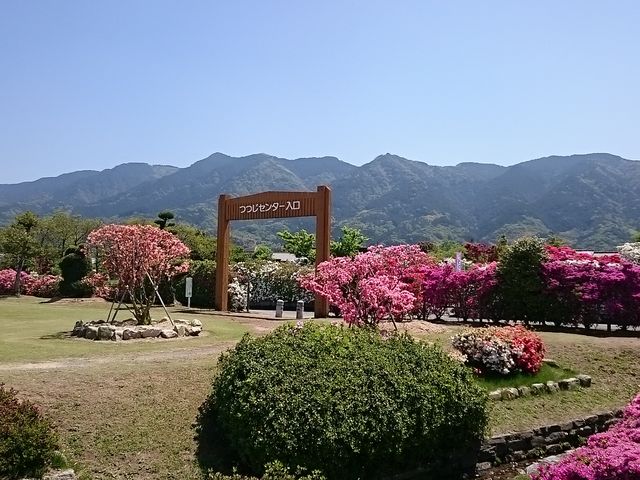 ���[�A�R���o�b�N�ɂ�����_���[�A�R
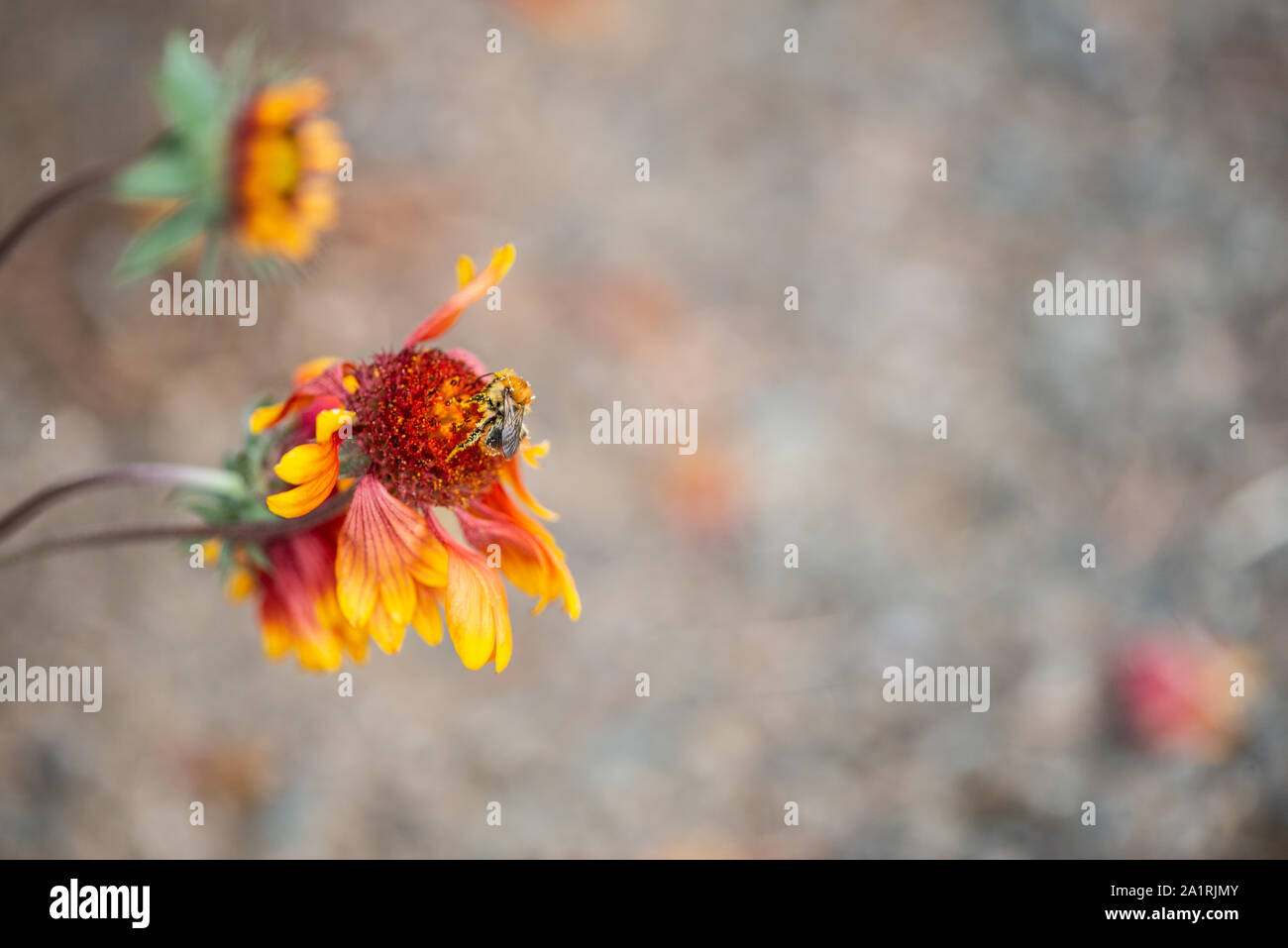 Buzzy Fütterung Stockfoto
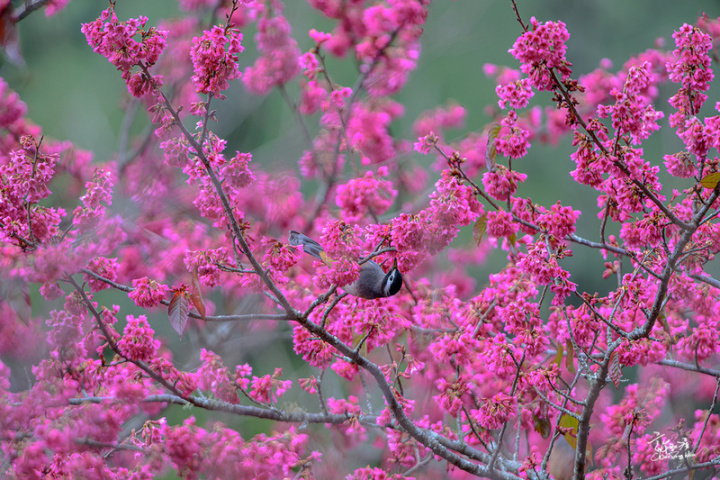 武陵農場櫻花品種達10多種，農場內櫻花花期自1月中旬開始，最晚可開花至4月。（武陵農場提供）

- [How to complete this task] Copy all the data exactly as written, but skip any picture.

- [Answer for the task]
 ���[�A�R���o�b�N�ɂ�����_���[�A�R
 Buzzy Fütterung Stockfoto
 武陵農場櫻花品種達10多種，農場內櫻花花期自1月中旬開始，最晚可開花至4月。（武陵農場提供）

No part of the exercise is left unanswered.